Source information —
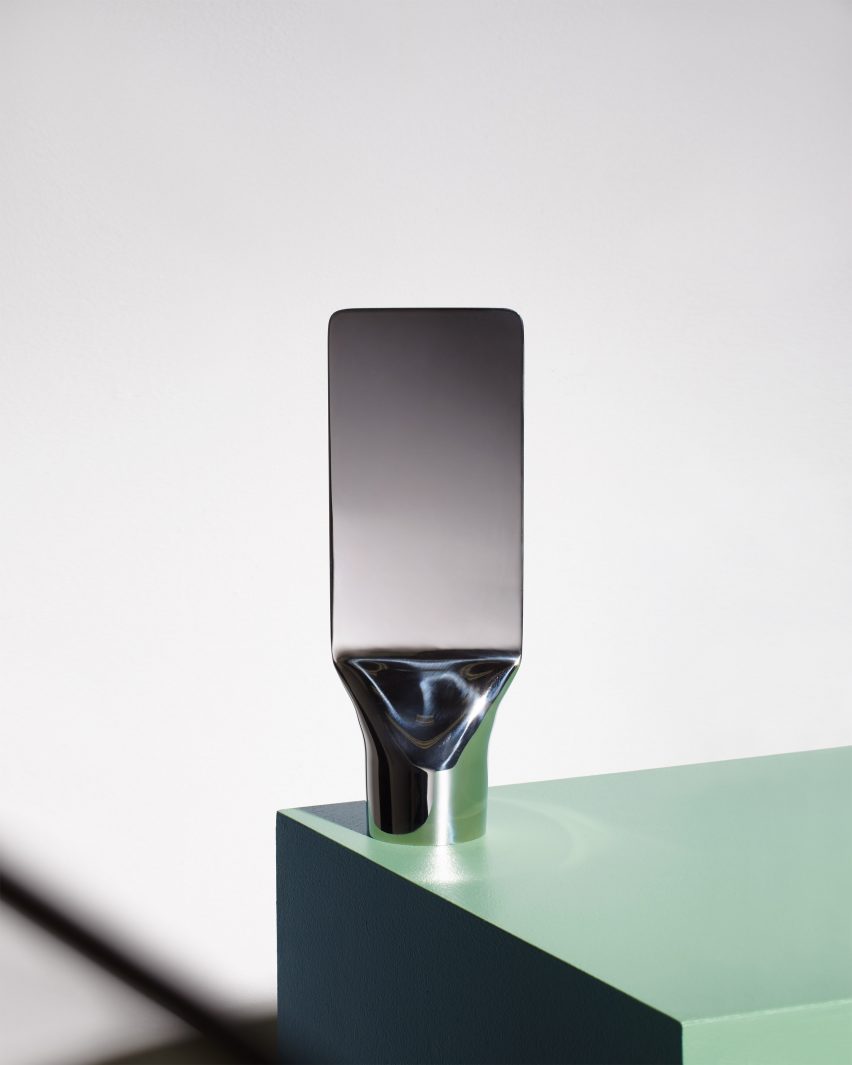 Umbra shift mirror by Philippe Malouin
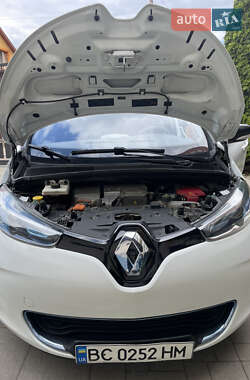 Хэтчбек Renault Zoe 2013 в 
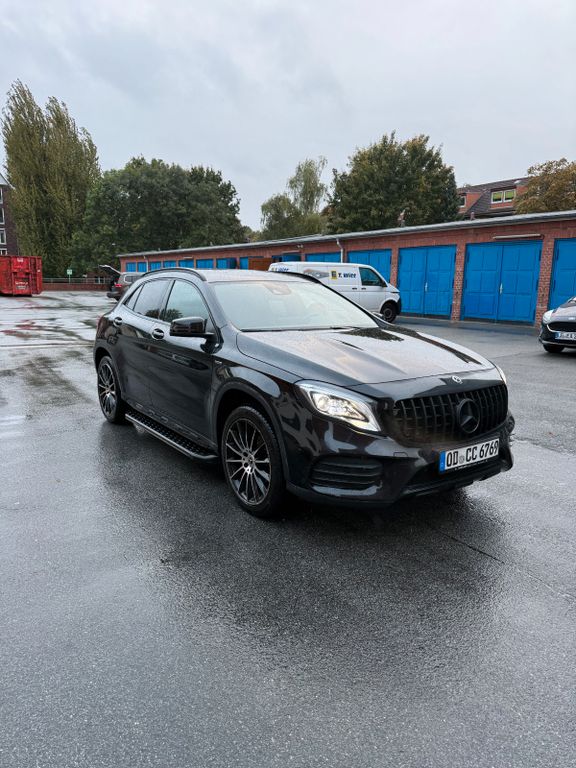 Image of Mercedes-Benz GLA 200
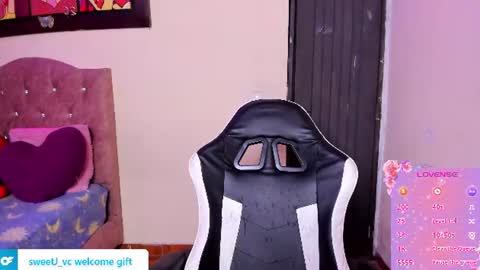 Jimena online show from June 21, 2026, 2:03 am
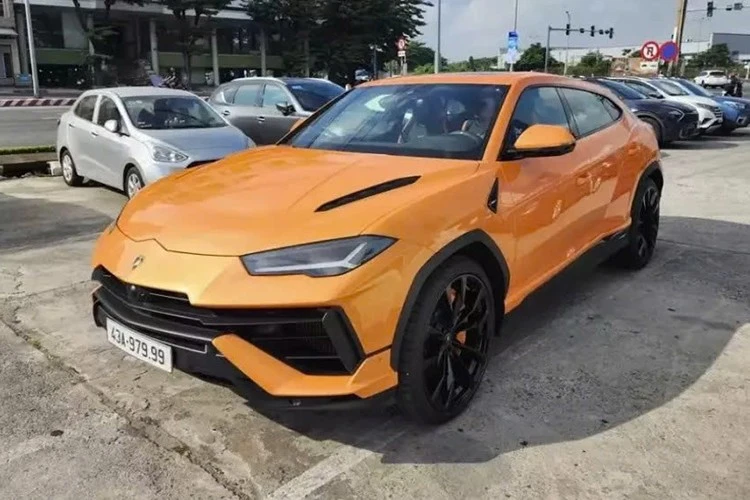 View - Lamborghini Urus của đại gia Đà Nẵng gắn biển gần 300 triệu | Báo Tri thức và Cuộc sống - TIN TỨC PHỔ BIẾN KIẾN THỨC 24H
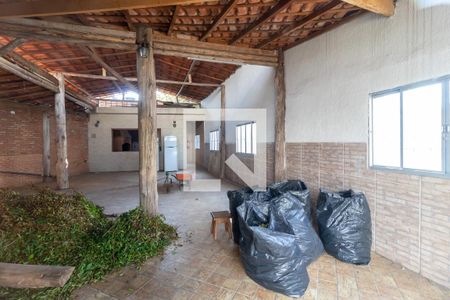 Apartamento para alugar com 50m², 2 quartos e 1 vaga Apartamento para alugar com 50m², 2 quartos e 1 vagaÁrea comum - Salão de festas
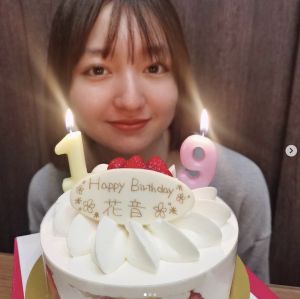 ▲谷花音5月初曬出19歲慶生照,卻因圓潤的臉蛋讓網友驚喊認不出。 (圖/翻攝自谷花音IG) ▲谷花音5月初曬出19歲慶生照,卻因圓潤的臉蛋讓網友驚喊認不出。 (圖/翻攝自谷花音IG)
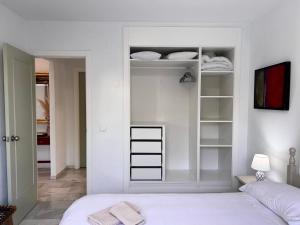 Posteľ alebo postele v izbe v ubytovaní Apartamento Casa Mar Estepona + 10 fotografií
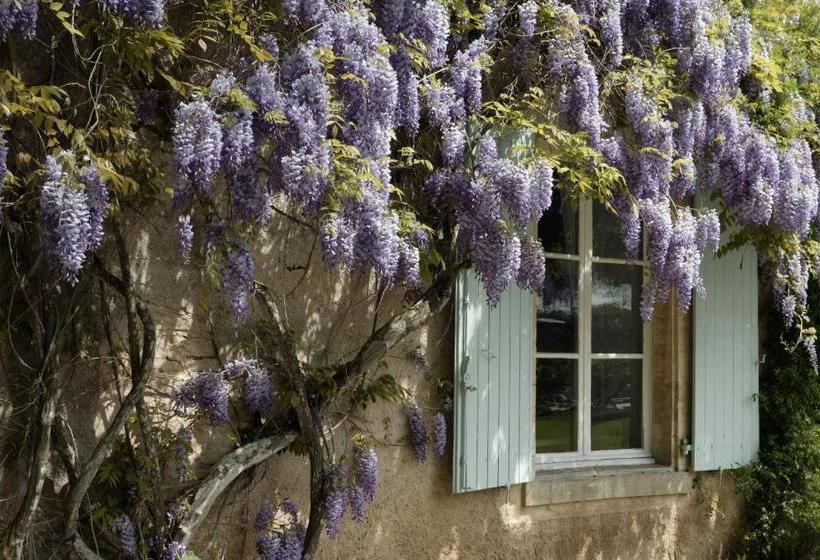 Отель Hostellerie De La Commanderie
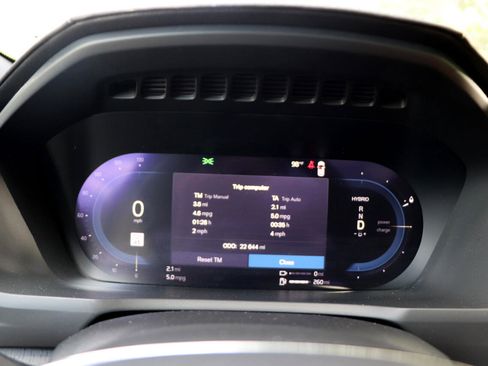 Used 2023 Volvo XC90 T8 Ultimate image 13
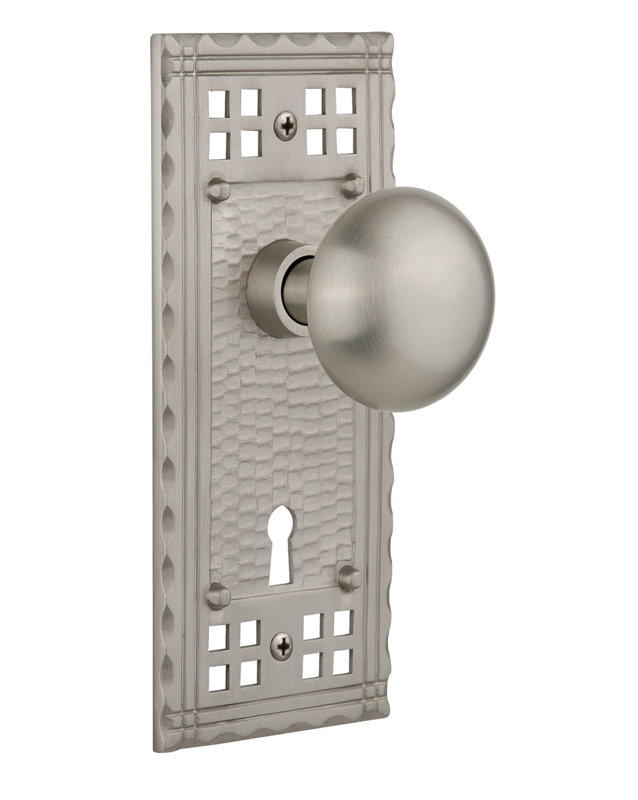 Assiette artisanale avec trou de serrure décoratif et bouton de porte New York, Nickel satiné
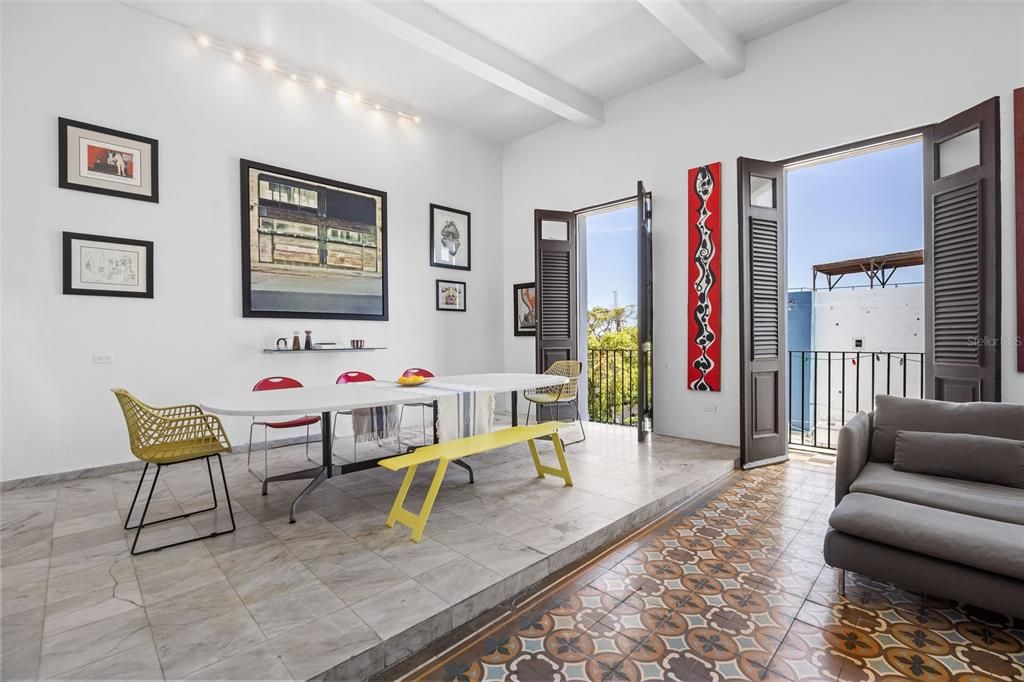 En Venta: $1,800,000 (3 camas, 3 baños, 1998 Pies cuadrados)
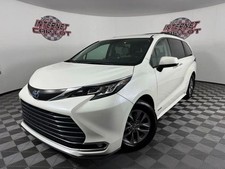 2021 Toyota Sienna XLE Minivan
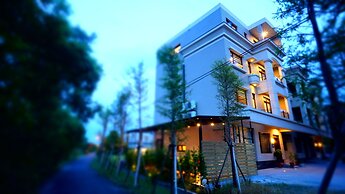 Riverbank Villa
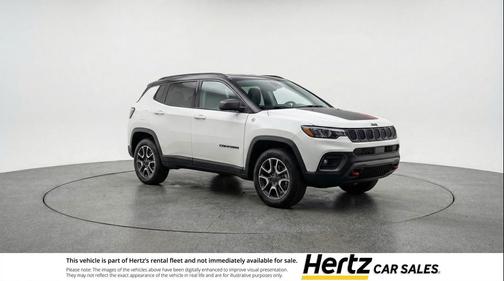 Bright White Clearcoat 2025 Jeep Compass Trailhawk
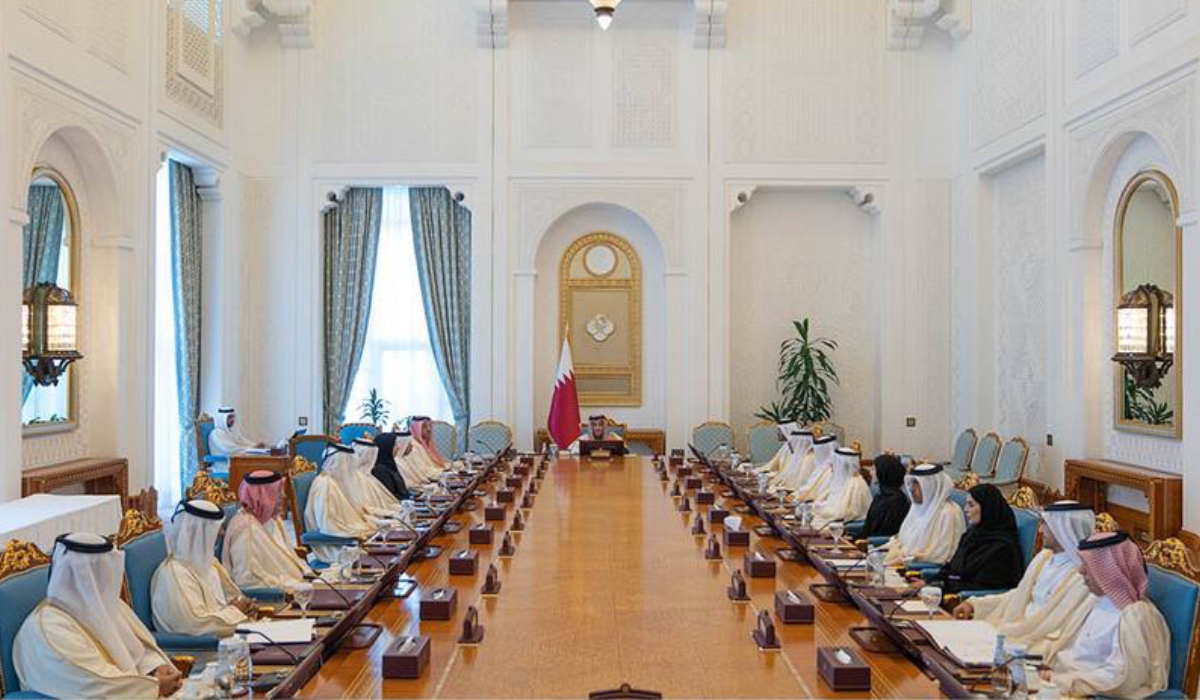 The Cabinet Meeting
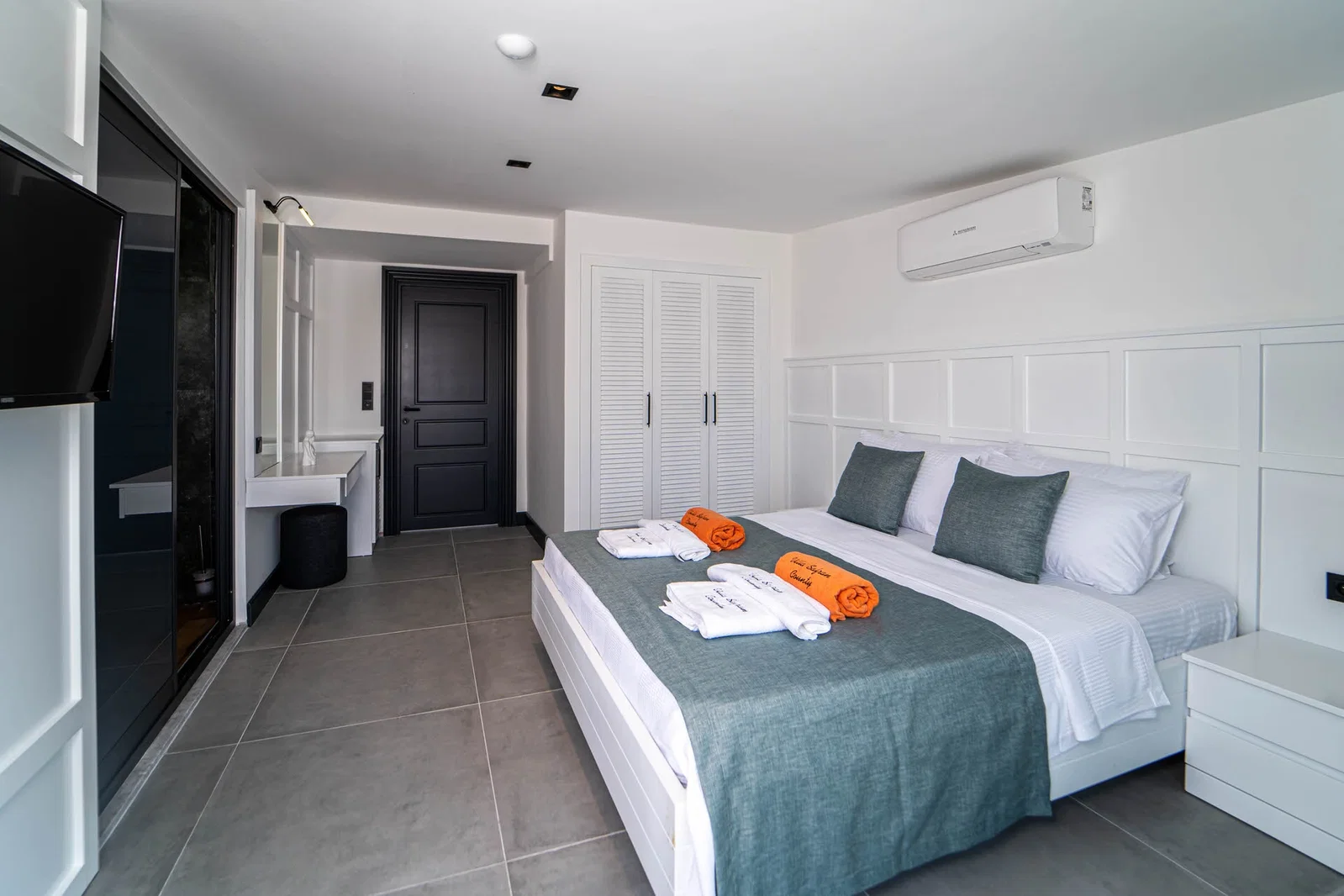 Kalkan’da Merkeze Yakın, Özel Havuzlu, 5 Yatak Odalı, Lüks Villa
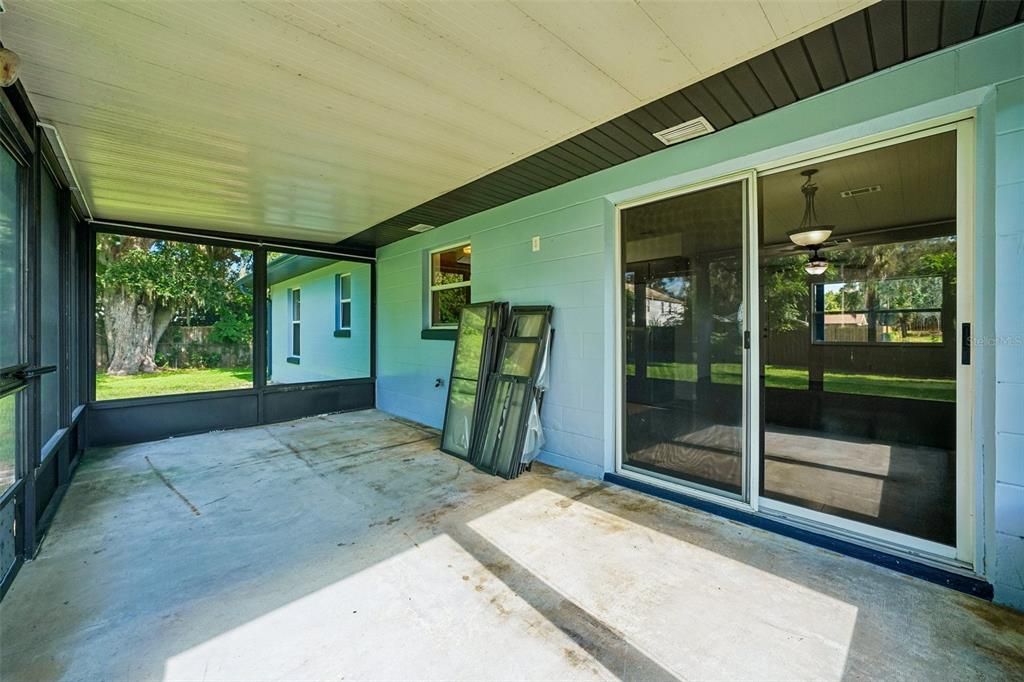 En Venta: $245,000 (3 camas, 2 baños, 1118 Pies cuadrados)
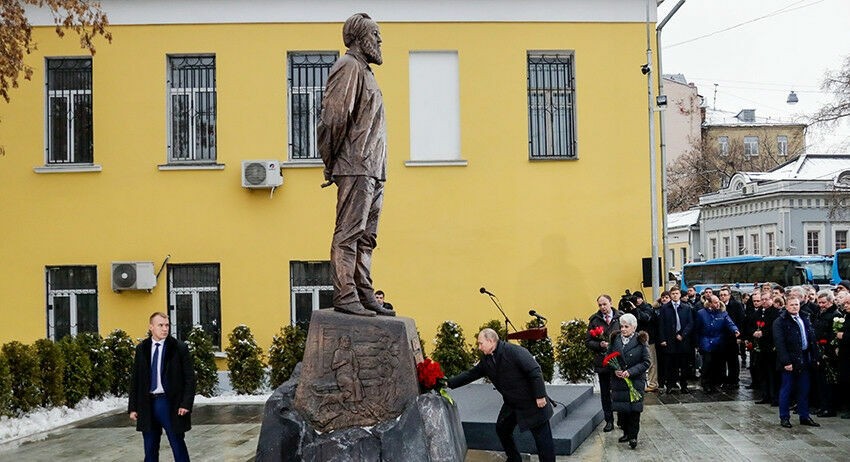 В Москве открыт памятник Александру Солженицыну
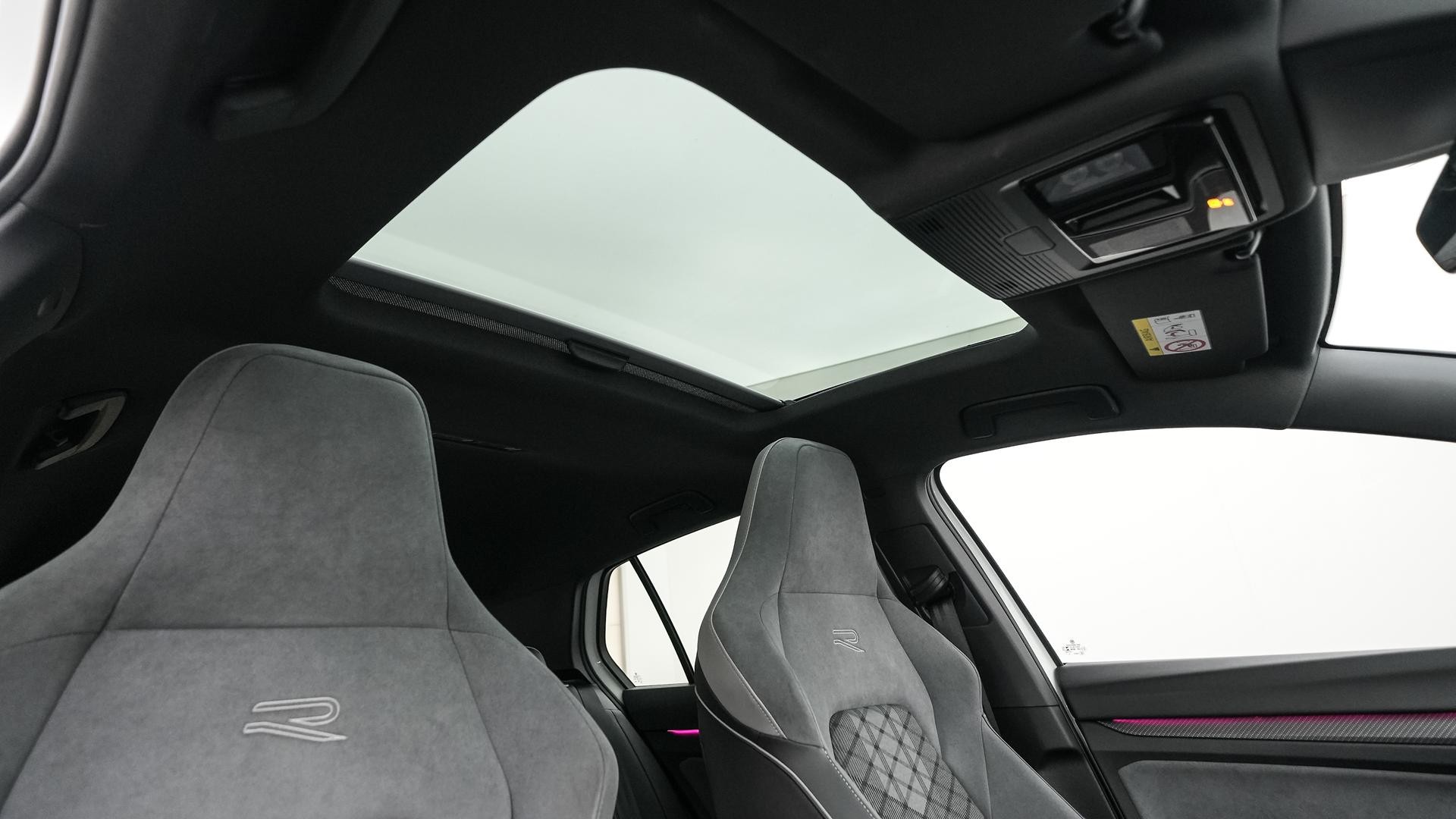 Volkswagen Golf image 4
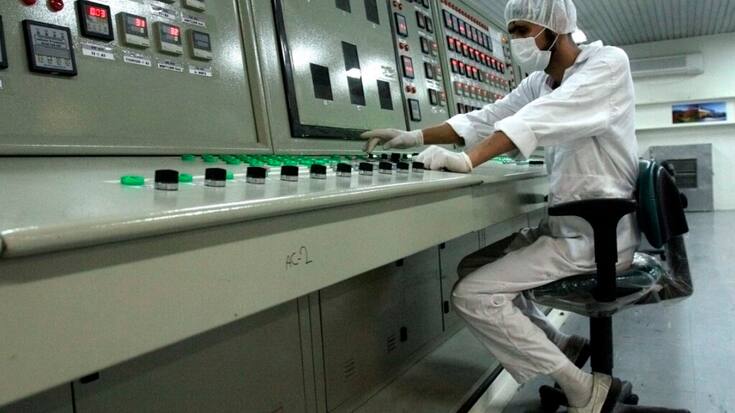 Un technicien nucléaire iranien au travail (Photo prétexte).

Task statement —
Set out exactly, and only, the lines between the first line of the listing and the line containing "Assiette artisanale avec", counting both, while leaving every picture out.

Answer area —
 Umbra shift mirror by Philippe Malouin
 Хэтчбек Renault Zoe 2013 в 
 Image of Mercedes-Benz GLA 200
 Jimena online show from June 21, 2026, 2:03 am
 View - Lamborghini Urus của đại gia Đà Nẵng gắn biển gần 300 triệu | Báo Tri thức và Cuộc sống - TIN TỨC PHỔ BIẾN KIẾN THỨC 24H
 Apartamento para alugar com 50m², 2 quartos e 1 vaga Apartamento para alugar com 50m², 2 quartos e 1 vagaÁrea comum - Salão de festas
 ▲谷花音5月初曬出19歲慶生照,卻因圓潤的臉蛋讓網友驚喊認不出。 (圖/翻攝自谷花音IG) ▲谷花音5月初曬出19歲慶生照,卻因圓潤的臉蛋讓網友驚喊認不出。 (圖/翻攝自谷花音IG)
 Posteľ alebo postele v izbe v ubytovaní Apartamento Casa Mar Estepona + 10 fotografií
 Отель Hostellerie De La Commanderie
 Used 2023 Volvo XC90 T8 Ultimate image 13
 Assiette artisanale avec trou de serrure décoratif et bouton de porte New York, Nickel satiné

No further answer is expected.